2013 Honda CRF250L: Ridden & Rated
January 3, 2013
Filed under Dual-Sport + Adventure Motorcycle Reviews, Honda Motorcycle Road Tests: Reviews on Honda Motorcycles, Road Tests
Conventional wisdom says you can’t please everyone, but that’s not stopping Honda from trying. Its new 2013 CRF250L dual-sport has a liquid-cooled, fuel-injected, single-cylinder engine derived from the peppy CBR250R. The company’s goal is to spark the imagination of returning, new and current riders by creating a fun, versatile, stylish and affordable commuter that can also handle off-road adventures.
Parking my bum on the narrow, one-piece, 34.7-inch-high seat and following our leader, the first thing I noticed was how easy the CRF is to maneuver—and we were barely out of the parking lot. As we were led at a brisk pace up a twisty paved road that carves its way through the Santa Ynez Mountains, the engine’s user-friendliness shone through. Rev it up, dive into turns and the CRF feels light on its IRC Trail tires that hold fast to the pavement. The bike has excellent throttle response, light turn-in and suspension that soaks up the bumps and grooves.
At the top, we paused for a dramatic view of the mountains and Pacific Ocean before plunging into the dust on a fire road for 20-plus miles. There were dual perspectives on the semi-knobby tires: Hard-core dirt riders felt that they performed better on the street, while I praised the IRCs for handling rocks and ruts with ease and keeping me upright in loose gravel. An all-new lightweight steel frame is unique to the CRF250L and provides strength for off-road riding. The non-adjustable male-slider fork is set up for a variety of terrain with 9.8 inches of travel, and the Honda Pro-Link rear shock has 9.4 inches of travel and is adjustable for preload.
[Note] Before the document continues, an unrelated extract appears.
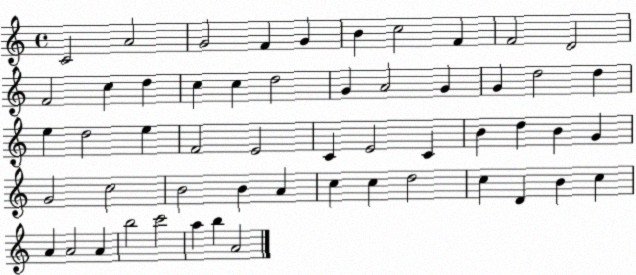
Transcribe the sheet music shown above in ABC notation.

The engine’s DOHC configuration is in a compact cylinder head with roller rocker arms to reduce friction. They also allow the shims to be swapped-out for valve adjustments without removing the camshafts. Single discs front and rear provide strong braking for the 320-pound machine, and the bike gets a claimed 73 mpg from its 2.0-gallon tank.
Good thing Honda missed the “can’t please everyone” memo, because a whole lot of riders will be delighted with Big Red’s attempt to do just that with the CRF250L.
(This review of the 2013 Honda CFR250L was published in the January 2013 issue of Rider magazine.)